You're not alone. There's been that LaTeX problem here for a few months now...speaking of which: long time, no see! Welcome back.

 

[OlderDan]

You're not alone. There's been that LaTeX problem here for a few months now...speaking of which: long time, no see! Welcome back.

Thanks. I got real busy there for some time. I may be here in spurts. Don't know for sure.

Now I can't even get the thing to display when I post the message grrrrrrrrrrrr!

 

[jtbell]

Adding a title

Why not just leave the final equations here, as examples for other people to learn from? At least if you're testing some new technique; you can add a title or note describing it, if you get it to work.

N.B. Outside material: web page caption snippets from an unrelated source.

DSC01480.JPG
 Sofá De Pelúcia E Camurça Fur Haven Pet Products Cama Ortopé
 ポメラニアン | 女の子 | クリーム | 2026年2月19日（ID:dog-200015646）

Or can you add a title to a previously-posted message? Let's see... Aha, you can, if you "Go Advanced" when editing.

 

[OlderDan]

Why not just leave the final equations here, as examples for other people to learn from? At least if you're testing some new technique; you can add a title or note describing it, if you get it to work.

Or can you add a title to a previously-posted message? Let's see... Aha, you can, if you "Go Advanced" when editing.

I could do that. The ones that have worked have been posted in context. The stuff I was doing here was just checking the LaTeX, so it had no discussion to go with it.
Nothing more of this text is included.